Background: As is clear from the experimental results produced by our foreground-adaptive background subtraction, the balance between false positives and false negatives (misses) is controlled by threshold t that needs to be adjusted heuristically depending on object sparsity. Such an adjustment is a delicate process that needs to be continuously monitored and thus quite inconvenient.

Summary: We have extended our foreground-adaptive background subtraction by replacing a simple binary hypothesis test with a detection method that is based on false discovery rate (FDR) control, a multiple-comparisons procedure  that applies thresholding in significance-score rather than probability space (false positive rate, or FPR, control). Our approach allows explicit control of false positives and automatically adapts to object sparsity.

Results: The new method offers a qualitative improvement in real scenarios as well as a measurable performance gain over non-adaptive techniques when tested on synthetic sequences.

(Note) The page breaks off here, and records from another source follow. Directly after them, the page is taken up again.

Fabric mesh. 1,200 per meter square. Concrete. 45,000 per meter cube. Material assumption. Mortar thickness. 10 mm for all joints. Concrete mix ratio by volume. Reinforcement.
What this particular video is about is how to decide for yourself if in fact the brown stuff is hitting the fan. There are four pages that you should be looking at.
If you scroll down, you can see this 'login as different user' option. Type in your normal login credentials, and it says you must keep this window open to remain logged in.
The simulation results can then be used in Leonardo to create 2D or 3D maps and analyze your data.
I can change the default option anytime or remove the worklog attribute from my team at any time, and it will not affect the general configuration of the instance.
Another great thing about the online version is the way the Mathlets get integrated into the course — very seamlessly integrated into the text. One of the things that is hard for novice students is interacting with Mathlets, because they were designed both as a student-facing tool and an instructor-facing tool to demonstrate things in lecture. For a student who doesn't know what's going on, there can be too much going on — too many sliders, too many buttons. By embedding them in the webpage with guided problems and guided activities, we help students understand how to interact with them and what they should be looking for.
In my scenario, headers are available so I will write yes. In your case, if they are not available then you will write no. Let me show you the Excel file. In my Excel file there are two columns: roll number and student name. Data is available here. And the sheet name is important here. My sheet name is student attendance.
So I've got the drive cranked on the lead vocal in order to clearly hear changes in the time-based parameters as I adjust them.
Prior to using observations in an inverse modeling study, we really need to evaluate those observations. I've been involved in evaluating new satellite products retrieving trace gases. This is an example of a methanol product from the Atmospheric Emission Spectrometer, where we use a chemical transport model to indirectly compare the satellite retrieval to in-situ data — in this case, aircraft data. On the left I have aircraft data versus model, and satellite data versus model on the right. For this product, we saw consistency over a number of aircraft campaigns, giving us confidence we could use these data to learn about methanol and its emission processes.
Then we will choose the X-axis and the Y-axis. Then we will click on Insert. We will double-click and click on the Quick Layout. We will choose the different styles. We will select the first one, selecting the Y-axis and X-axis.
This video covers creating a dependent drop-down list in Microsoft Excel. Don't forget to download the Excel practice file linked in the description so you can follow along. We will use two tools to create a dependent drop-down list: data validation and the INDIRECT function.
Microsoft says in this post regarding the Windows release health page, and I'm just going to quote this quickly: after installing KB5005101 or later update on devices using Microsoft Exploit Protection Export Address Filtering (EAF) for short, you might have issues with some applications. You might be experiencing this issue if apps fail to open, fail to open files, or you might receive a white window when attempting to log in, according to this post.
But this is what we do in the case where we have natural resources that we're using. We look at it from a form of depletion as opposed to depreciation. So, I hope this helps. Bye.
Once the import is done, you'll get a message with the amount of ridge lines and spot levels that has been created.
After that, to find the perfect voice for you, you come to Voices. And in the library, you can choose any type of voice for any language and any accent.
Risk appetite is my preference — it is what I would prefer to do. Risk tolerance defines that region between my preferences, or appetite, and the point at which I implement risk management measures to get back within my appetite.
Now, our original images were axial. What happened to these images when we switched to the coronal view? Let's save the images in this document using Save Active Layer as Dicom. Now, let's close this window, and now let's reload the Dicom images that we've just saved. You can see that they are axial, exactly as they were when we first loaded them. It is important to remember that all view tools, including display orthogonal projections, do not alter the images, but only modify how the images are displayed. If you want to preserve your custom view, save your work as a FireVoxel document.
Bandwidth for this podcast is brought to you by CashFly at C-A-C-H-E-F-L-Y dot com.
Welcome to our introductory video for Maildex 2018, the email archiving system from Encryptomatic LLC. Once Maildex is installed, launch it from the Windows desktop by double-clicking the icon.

Below is a sample of results for real video data. Clearly, the FDR procedure (middle row) adapts to object sparsity; the rate of false detections drops when fewer or smaller objects move in the field of view of the camera. To the contrary, the FPR control procedure (probability thresholding) maintains the same level of false detections regardless of the degree of object sparsity.

FDR_FPR_control_comparison
Detection results for real video sequences with medium (left) and low (right) density of moving objects: original (top), FDR (middle) and FPR (bottom).